Un nuovo naufragio di migranti è avvenuto nelle scorse ore provocando morti e dispersi. Come riferito dai colleghi di TgCom24.it, l’episodio si è verificato di preciso al largo delle coste della Tunisia e ha riguardato una carretta carica di poveretti provenienti dall’Africa sub-sahariana. Nelle scorse ore la nave si sarebbe rovesciata e a seguito del naufragio almeno 5 persone sarebbero morte. Il bilancio è però solamente parziale visto che all’appello mancano 28 persone, tutte risultanti disperse. A rendere nota la vicenda sono stati gli attivisti del Forum tunisino per i diritti sociali ed economici, il Ftdes, che ha spiegato di come il barcone sia affondato “perché era sovraccarico”.

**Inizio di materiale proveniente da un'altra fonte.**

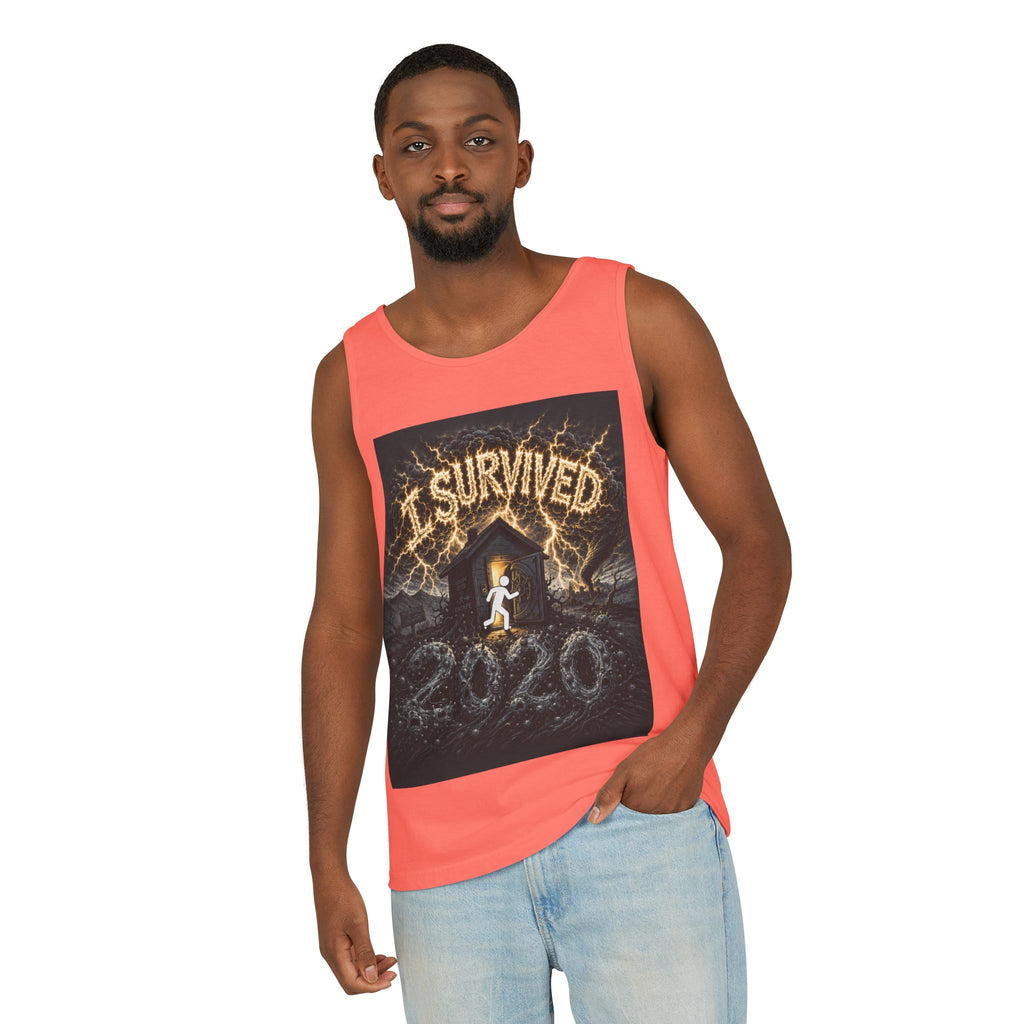 I Survived 2020 — Original Design Teaser Tee | Season 1 Premiere Drop Unisex Garment-Dyed Tank Top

A bordo vi erano infatti 38 persone, quasi tutte provenienti dalla Costa d’Avorio e che erano salpate dalla regione costiera di Sfax dirette verso l’Italia, precisamente verso il porto di Lampedusa. Si tratta purtroppo di un’ultima di un lungo elenco di tragedie che si sono verificate nel Mediterraneo centrale nelle ultime settimane, rotta che viene storicamente considerata la più pericolosa al mondo tenendo conto delle acque agitate, soprattutto durante questo periodo dell’anno.



TUNISIA, NAUFRAGIO MIGRANTI: L’APPELLO DEL PRESIDENTE SAIED E LE VIOLENZE

Circa un mese fa, come sottolineato ancora da TgCom24.it, il presidente della Tunisia Kais Saied, aveva tenuto un discorso nei confronti dei migranti provenienti dall’Africa sub-sahariana che arrivavano in Tunisia prima di salpare per l’Europa, accusando gli stessi di provocare un’ondata di criminalità.

Un discorso, quello del presidente tunisino, che aveva scatenato una reazione di violenza contro i migranti stessi, e i proprietari terreni hanno sfrattato centinaia di persone temendo delle multe, costringendo i poveretti ad accamparsi in strada. Secondo i dati emersi sembra che siano almeno 21mila i migranti che provengono dall’Africa sub-sahariana che si trovano al momento in Tunisia in attesa di una barca che li faccia sbarcare nel Vecchio Continente, rischiando la vita: una pratica che purtroppo non troverà mai la parola fine.